AVAILABLE RECORDS

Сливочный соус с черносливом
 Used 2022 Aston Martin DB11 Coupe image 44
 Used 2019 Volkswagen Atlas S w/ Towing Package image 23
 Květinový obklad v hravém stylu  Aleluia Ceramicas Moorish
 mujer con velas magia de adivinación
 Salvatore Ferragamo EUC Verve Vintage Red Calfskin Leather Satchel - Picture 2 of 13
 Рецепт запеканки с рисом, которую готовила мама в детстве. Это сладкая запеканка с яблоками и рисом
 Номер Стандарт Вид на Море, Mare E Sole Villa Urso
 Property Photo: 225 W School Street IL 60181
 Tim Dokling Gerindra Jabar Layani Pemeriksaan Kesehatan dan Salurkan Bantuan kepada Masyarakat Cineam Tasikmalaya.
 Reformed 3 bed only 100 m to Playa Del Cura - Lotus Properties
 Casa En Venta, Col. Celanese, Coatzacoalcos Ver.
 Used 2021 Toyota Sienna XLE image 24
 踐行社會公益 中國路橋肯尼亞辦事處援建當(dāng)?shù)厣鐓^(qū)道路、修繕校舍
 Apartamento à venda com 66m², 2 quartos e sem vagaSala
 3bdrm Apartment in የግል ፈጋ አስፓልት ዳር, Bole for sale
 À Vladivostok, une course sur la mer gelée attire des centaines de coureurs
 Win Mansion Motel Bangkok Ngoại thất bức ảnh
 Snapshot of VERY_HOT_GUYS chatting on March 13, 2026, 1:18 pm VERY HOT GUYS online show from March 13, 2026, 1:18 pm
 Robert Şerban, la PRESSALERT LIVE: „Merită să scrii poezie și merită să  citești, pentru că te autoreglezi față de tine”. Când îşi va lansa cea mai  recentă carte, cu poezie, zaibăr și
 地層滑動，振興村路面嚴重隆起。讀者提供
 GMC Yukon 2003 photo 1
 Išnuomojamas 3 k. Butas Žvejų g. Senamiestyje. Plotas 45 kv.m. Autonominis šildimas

AIM OF THE EXERCISE
From the listing above, repeat exactly the lines starting at the line that includes "Snapshot of VERY_HOT_GUYS" and ending at the line that includes "地層滑動，振興村路面嚴重隆起。讀者提供", with nothing outside that span.

RESPONSE TO THE EXERCISE
 Snapshot of VERY_HOT_GUYS chatting on March 13, 2026, 1:18 pm VERY HOT GUYS online show from March 13, 2026, 1:18 pm
 Robert Şerban, la PRESSALERT LIVE: „Merită să scrii poezie și merită să  citești, pentru că te autoreglezi față de tine”. Când îşi va lansa cea mai  recentă carte, cu poezie, zaibăr și
 地層滑動，振興村路面嚴重隆起。讀者提供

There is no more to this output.